Hopefully someone on these forums can help me out with this basic problem in gene expression studies.
I did deep sequencing of an experimental and a control tissue. I then obtained fold enrichment values of genes in the experimental sample over control. The reference genome has ~15,000 genes. 3,000 out of 15,000 genes are enriched above a certain cut-off in my sample of interest compared to control.
So: A = total gene population = 15,000 B = RNA-Seq enriched subpopulation = 3,000.
In a previous ChIP-chip experiment, I found 400 genes that are enriched by ChIP-chip. Of the 400 ChIP-chip genes, 100 genes are in the group of 3,000 enriched RNA-Seq transcripts.
So: C= total # of ChIP-chip enriched genes = 400.
What is the probability that my 100 ChIP-chip genes would be enriched by RNA-Seq by chance alone? In other words, what is the most prudent way to calculate if my observed overlap between B and C (100 genes) is any better than that obtained by chance alone? From what I have read so far, the best way to test this is by using hypergeometric distribution.
I used an online calculator (stattrek.com) to set up a hypergeometric distribution test with the following parameters: - pop size=15,000 - # of successes in population=3,000 - sample size=400, -# of successes in sample=100. I get the following for Hypergeometric Probability P(x=100)= 0.00224050636447747
The actual # of genes overlapping between B and C = 100. Is this better than by chance alone? Doesn't look like it is if the chance of any one gene being enriched is 1:5 (3,000 out of 15,000). That's why I don't understand how come my P(x=100) I calculated above is 0.0022. That amounts to a 0.2% chance of the overlap occurring by chance. Shouldn't this be much higher?
If I sampled 400 random genes rom the big list of 15,000, then any 80 of these genes would be expected to be enriched by chance alone (1:5). The number of genes that are actually overlapping is 100, so this is just slightly better than by chance.
I also tried to come up with a solution using the dhyper or phyper functions in R (using what I saw in another post): A=all genes in the genome (15,000) B=RNA-Seq enriched genes (3,000) C=ChIP-chip enriched genes (400) Here's the R input/output (adapted from a previous stackexchange post):
> totalpop <- 15000
> sample1 <- 3000
> sample2 <- 400
> dhyper(0:2, sample1, totalpop-sample1, sample2)

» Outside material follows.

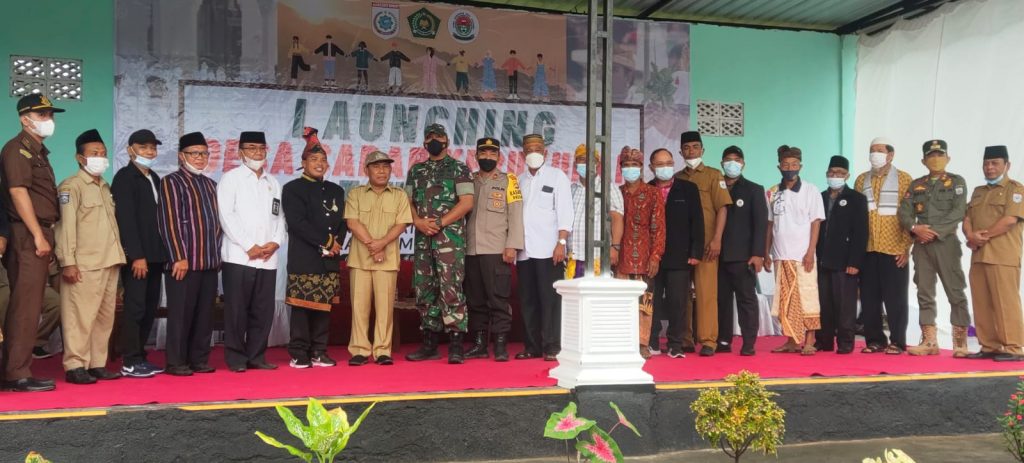 Pusat Tunjuk Desa Kokarlian Sebagai DESA SADAR KERUKUNAN BERAGAMA, Bupati KSB  Launcing Penandatanganan Prasasti 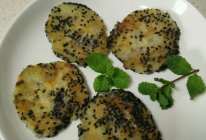 黑芝麻土豆泥饼的做法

[1] 4.431784e-40 4.584209e-38 2.364018e-36
> phyper(-1:2, sample1, totalpop-sample1, sample2)
[1] 0.000000e+00 4.431784e-40 4.628526e-38 2.410304e-36
I'm not sure how to interpret these numbers. I believe 2.36e-36 is the probability of getting a complete overlap between B and C by chance alone? But this makes no sense, since that probability is much closer to 1:5. If I start with 15,000 genes, 3,000 will be enriched. Similarly, if I start with 400 ChIP-chip genes, 80 of them should be enriched in the RNA-Seq alone due to the 1:5 chances of enrichment in that data set.
What is the proper way to calculate the p-value, according to the hypergeometric distribution, for the overlap of B and C?